Wakil Tetap RI untuk OKI Yusron B. Ambary, menyampaikan itu ketika mewakili Menteri Luar Negeri RI dalam Pertemuan Luar Biasa Komite Eksekutif Organisasi Kerja Sama Islam (OKI) pada Tingkat Menteri Luar Negeri di Jeddah, Arab Saudi pada Kamis (26/2).
Wakil Tetap RI tegaskan posisi Indonesia, bahwa pemukiman Israel di Palestina serta aneksasi wilayah Palestina oleh Israel melanggar hukum internasional, khususnya Resolusi Dewan Keamanan PBB 2334.
“Hukum nasional dan proses birokrasi internal Israel tidak bisa melegalkan perbuatan-perbuatan tersebut dan menghapus hak-hak Rakyat Palestina atas tanahnya,” kata Yusron.
Pertemuan ini diinisiasi oleh Menlu Palestina untuk membahas pernyataan oleh Israel melegalkan okupasi ilegalnya, memperluas pemukiman ilegal, dan meningkatkan upaya aneksasi, dalam upaya mengubah status dan keberadaan wilayah teritorial Palestina di Tepi Barat dan Al-Quds Al-Sharif atau Yerusalem.
Pertemuan dihadiri oleh 45 negara anggota OKI, lima di antaranya diwakili pada level menteri luar negeri.

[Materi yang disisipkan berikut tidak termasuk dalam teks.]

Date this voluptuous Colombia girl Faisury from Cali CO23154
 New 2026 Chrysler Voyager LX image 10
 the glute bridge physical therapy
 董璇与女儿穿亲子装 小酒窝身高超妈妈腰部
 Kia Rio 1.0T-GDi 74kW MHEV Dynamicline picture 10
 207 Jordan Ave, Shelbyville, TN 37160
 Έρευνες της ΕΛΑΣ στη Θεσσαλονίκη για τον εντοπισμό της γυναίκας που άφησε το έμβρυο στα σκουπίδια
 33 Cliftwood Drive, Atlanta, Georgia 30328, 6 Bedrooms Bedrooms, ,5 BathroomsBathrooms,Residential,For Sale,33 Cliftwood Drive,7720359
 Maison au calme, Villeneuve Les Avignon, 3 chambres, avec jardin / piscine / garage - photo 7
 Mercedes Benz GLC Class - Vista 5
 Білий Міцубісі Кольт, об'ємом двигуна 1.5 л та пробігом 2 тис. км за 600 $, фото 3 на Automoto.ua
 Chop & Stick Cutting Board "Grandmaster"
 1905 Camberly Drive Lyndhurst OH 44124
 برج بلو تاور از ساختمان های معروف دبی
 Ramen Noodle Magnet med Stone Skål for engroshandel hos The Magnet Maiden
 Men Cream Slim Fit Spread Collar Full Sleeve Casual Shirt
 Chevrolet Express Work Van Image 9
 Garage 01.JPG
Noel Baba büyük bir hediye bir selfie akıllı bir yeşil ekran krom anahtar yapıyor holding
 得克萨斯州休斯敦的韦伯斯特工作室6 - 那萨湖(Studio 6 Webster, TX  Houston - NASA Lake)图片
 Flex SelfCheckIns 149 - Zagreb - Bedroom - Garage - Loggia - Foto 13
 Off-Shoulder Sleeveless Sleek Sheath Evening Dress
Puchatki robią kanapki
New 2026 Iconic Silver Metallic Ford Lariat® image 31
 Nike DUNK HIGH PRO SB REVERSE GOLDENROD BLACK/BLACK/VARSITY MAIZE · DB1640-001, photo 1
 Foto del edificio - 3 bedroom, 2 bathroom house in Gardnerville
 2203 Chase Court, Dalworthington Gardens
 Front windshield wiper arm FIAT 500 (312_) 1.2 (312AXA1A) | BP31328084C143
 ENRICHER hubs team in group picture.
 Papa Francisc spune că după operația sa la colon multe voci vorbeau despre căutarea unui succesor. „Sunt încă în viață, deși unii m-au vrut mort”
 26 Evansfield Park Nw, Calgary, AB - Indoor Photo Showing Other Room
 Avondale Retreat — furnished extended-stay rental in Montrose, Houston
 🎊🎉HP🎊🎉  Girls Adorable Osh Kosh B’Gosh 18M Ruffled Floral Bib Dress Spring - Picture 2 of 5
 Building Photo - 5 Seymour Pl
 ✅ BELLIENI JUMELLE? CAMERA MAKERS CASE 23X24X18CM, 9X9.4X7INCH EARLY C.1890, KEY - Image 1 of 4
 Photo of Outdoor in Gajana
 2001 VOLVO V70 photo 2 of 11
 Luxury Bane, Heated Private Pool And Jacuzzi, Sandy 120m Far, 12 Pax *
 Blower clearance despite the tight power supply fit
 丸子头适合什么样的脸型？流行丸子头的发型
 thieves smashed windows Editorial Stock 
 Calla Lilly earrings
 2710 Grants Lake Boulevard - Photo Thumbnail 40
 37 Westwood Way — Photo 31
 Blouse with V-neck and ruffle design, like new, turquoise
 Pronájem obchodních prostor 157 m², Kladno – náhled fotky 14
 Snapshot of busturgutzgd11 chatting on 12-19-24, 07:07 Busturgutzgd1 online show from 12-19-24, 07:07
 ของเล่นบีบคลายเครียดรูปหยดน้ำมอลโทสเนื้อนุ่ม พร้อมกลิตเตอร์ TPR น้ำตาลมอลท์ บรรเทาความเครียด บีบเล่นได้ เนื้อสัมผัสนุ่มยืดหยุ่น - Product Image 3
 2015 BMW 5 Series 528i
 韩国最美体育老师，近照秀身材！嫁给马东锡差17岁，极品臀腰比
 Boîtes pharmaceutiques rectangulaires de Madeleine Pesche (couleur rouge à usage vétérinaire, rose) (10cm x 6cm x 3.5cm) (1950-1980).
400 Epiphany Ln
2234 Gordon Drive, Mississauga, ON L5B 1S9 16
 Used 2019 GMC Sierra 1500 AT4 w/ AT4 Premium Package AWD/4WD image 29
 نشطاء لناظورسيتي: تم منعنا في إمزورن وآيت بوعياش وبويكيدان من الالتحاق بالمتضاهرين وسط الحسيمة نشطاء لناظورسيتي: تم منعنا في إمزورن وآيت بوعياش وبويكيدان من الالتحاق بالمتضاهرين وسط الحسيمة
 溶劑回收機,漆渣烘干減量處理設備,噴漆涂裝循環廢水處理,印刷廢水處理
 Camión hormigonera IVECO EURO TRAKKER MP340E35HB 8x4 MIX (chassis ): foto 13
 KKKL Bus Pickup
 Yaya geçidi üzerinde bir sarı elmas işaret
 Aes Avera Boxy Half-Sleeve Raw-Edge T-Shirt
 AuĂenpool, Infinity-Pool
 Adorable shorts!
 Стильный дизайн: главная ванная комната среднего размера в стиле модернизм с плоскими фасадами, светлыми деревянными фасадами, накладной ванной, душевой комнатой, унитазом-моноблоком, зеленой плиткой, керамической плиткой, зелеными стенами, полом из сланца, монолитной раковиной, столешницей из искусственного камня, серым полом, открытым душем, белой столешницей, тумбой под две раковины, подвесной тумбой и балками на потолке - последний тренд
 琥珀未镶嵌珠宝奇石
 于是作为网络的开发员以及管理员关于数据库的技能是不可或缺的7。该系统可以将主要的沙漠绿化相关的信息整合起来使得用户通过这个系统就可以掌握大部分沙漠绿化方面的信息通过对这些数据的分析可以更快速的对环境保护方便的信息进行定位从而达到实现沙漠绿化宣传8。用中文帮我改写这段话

Pertemuan menghasilkan Komunike, yang menegaskan penolakan dan kutukan atas berbagai tindakan ilegal Israel, serta seruan kepada komunitas internasional untuk memberi pelindungan kepada rakyat Palestina.
Pertemuan ditambahkan dengan pembahasan terkait ancaman dan penggunaan kekerasan terhadap negara Muslim, diusulkan oleh Iran terkait dengan perkembangan negosiasi program nuklirnya.